Register Guidelines E-Books Search Today's Posts Mark Forums Read

Go Back   MobileRead Forums > E-Book Formats > PDF

Notices

Reply
 
Thread Tools Search this Thread
Old 11-15-2008, 11:03 PM   #1
theguru
Member
theguru doesn't littertheguru doesn't litter
 
Posts: 19
Karma: 139
Join Date: Nov 2008
Device: Sony PRS-505
soPdf - Better than Yet another PDF to LRF converter

I really liked the pdflrf tool from the "Yet another PDF to LRF converter" thread, but it has been taken down by the moderator for violation of GPL and has been down for quite some time because it seems like the author is not interested in providing the source for his tool.
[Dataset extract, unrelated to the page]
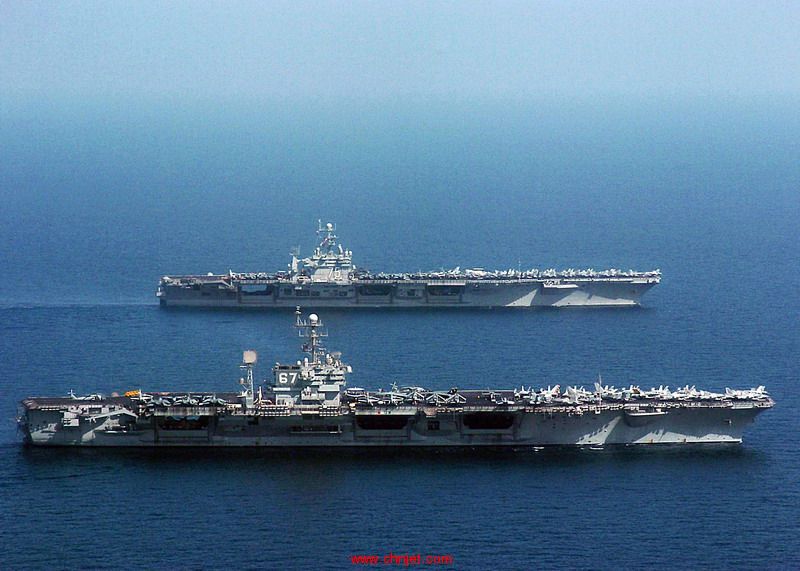 US_Navy_041120-N-4308O-141_The_conventional_aircraft_carrier_USS_John_F._Kennedy_(CV_67)_is_relieved_by_the_Nimitz-class_aircraft_carrier_USS_Harry_S._Truman_(CVN_75).jpg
But there are some issues with the pdflrf tool.
  1. pdflrf renderes the pdf into image and then creates the lrf file.
    This makes the 4mb pdf file grow into more than 40mb file.
  2. No text information is preserved because of the image conversion
  3. Very slow
  4. No source for the tool <-- biggest disadvantage
So I decided to write a tool for myself. soPdf is a pdf formatter for sony reader. It is based on sumatrapdf's version of mupdf and fitz.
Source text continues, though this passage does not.